The other night we had a house guest: a very polite, quiet, and handsome young man. I say he is a quiet person because in the past we’ve found him to be that way, so it was a bit of a surprise when we thought he’d retired for the night and I was lying in bed reading – N was half asleep – that I heard strange noises: it sounded like someone playing pool in the basement; the sound of a cue striking balls that then skittered across the table smacking into the bumpers.

One gets used to noises in one’s home: the furnace turning on and off, pipes creaking, wind rattling the windows, but when a guest spends the night, the sounds differ and/or increase. So as I lay in bed I thought that our nice invitee will soon tire of playing pool alone and wend his way back upstairs. Funny I never heard him come downstairs in the first place.

The sounds persisted, but it seemed I was the only one hearing them as N was almost unconscious and Gracie (our greyhound), lying next to my side of the bed, was oblivious. I realized I’d forgotten to brush my teeth, so clambered out of bed, careful not to step on the dog, and tiptoed into the bathroom. While standing dreamily at the sink, out of the corner of my eye I saw something move. A not exactly teeny something either. I blinked to make sure I wasn’t hallucinating, not that I’m prone to that, but late at night one never knows. There in the sunken bath tub was a very young black and greyish-white ferret, jumping up and down trying to get out of the tub, but sliding on the slippery sides and thumping back down again.

It didn’t quite look like this.

A domestic ferret

I yelled for N who shot out of bed and into the bathroom before I could say “you’ll never believe……..” Without saying a word (he was in “defending the home front mode”) he whipped open the closet door, grabbed the first large towel he could lay his hands on and striding toward the tub leaned over to grab the little fella. “Please just catch him and take him outside. Don’t harm him,” I pleaded. N lunged several times at the darting creature, who was now peeing all over the tub and every part of the towel it made contact with, but it was like trying to catch a buttered, motorized hairy banana that was doing back flips off the tub’s sides.

And somehow this isn’t exactly the spitting image either.

(Although the jumping action came pretty close.)

A ferret in a War Dance jump.

Finally after a dozen attempts N caught the frightened creature, wrapped him in the towel, opened the back door and set him free in the yard.
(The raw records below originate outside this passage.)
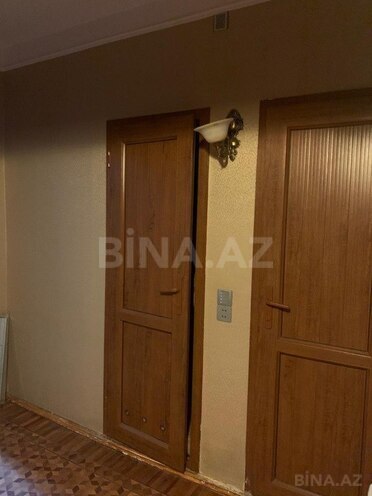 3-комн. вторичка - м. Иншаатчылар - 70 м² (27)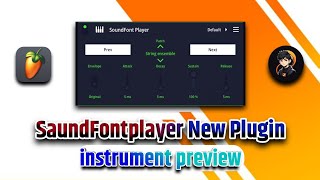 SaundFontplayer Vst plugin New Instrument Preview 2025 Bangla Tutorial screenshot 4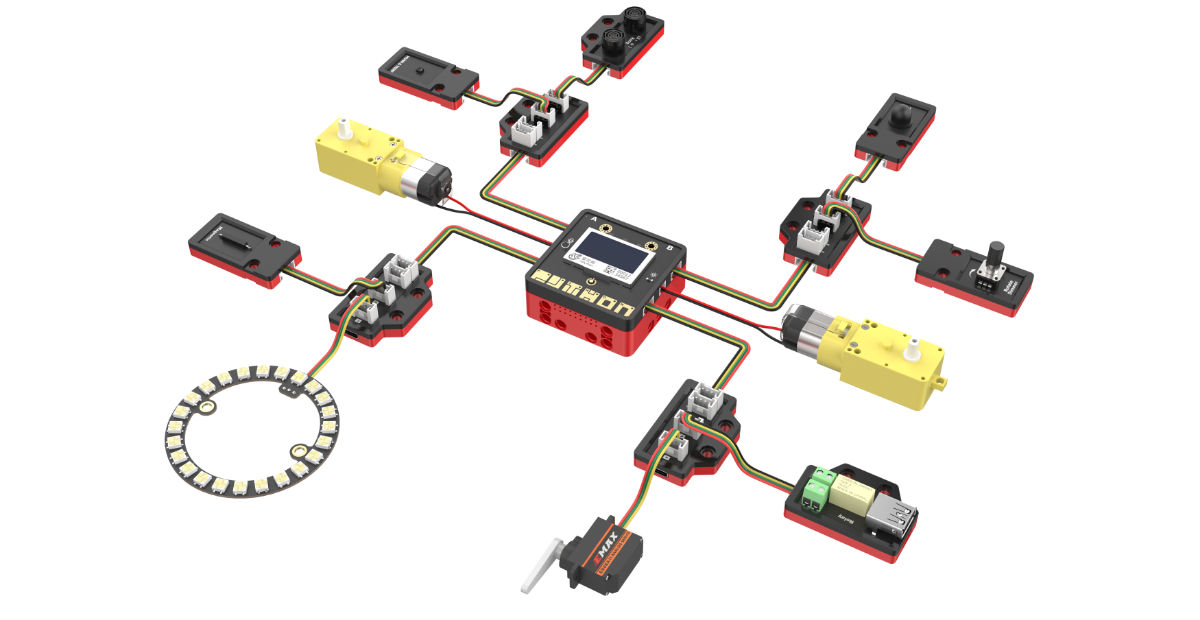 Mpython board Expansion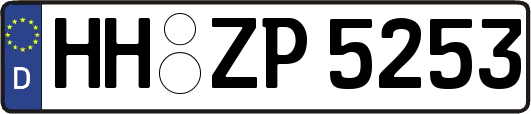 HH-ZP5253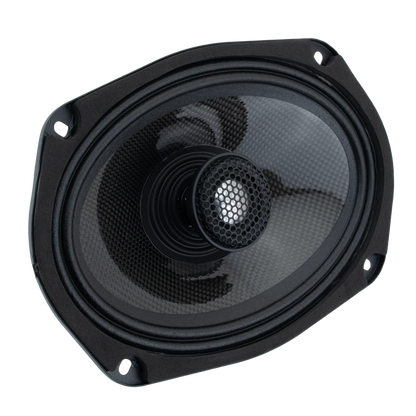 DB Drive Euphoria EX69NPS-CF 6x9" Point Source Loudspeakers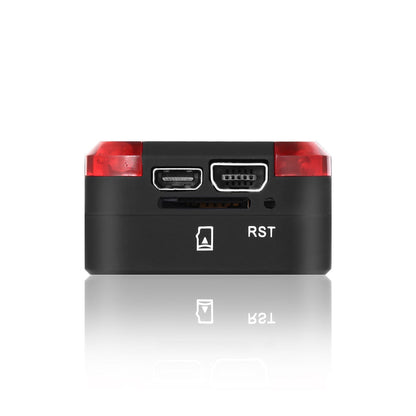 HawKeye Firefly Q6 V3.0 FPV Action Camera with Gyro Stabilization, 4K Video, OLED, Sony IMX117, HDMI, 1200mAh Battery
The ferret darted away as fast as his short little legs could carry him. N returned with the pungent towel which went straight into the washing machine while I tried in vain to get rid of the awful pee odor that now filled the bathroom. It was midnight and swabbing the decks wasn’t exactly what I had in mind.
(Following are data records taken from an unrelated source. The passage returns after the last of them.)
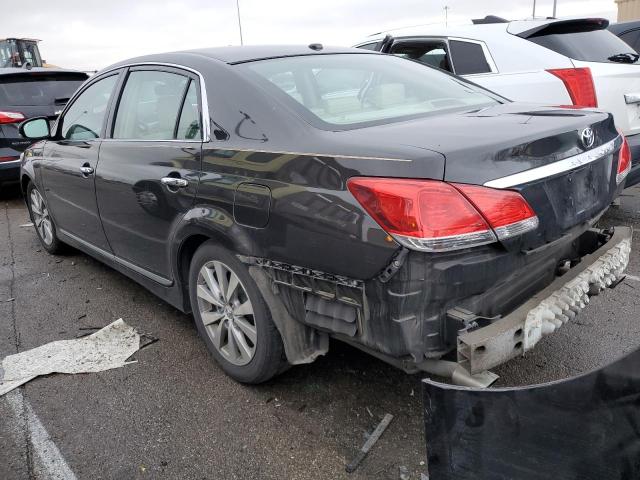 Photo 1 VIN: 4T1BK3DBXBU383209 - TOYOTA AVALON BAS 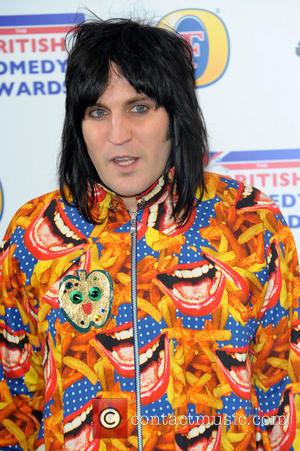 Noel Fielding on Rik Mayall's Mighty Boosh Influence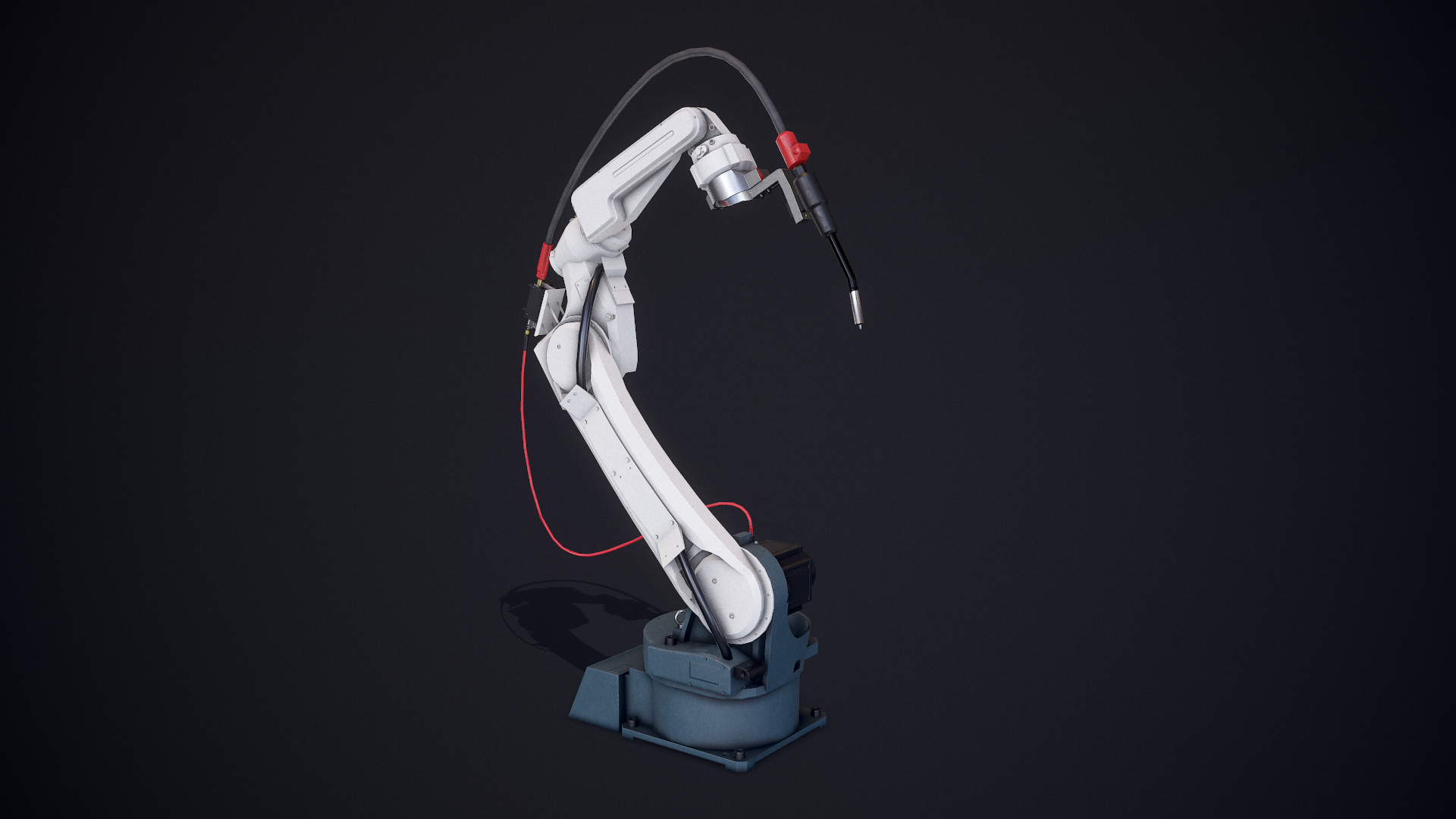 Ready Rigged Panasonic Welding Model - TurboSquid 1557561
“Ours” didn’t look this malevolent.


We fell back into bed laughing our heads off trying to fathom how on earth a young ferret, or any creature that size, could have snuck into the house in the first place. And not only that but how Gracie, known for being an incredible sight hound (maybe not one with great hearing or sense of smell though), was oblivious to the whole event. Let sleeping dogs lie has become her motto.

It was a tad more like this one, especially the wrapped in a towel part.

Ferret after a shower

The next morning our sleepy-eyed house guest came downstairs sorry to have missed out on all the fun, but really grateful he hadn’t had to deal with the situation. He’d been playing pool in his dreams.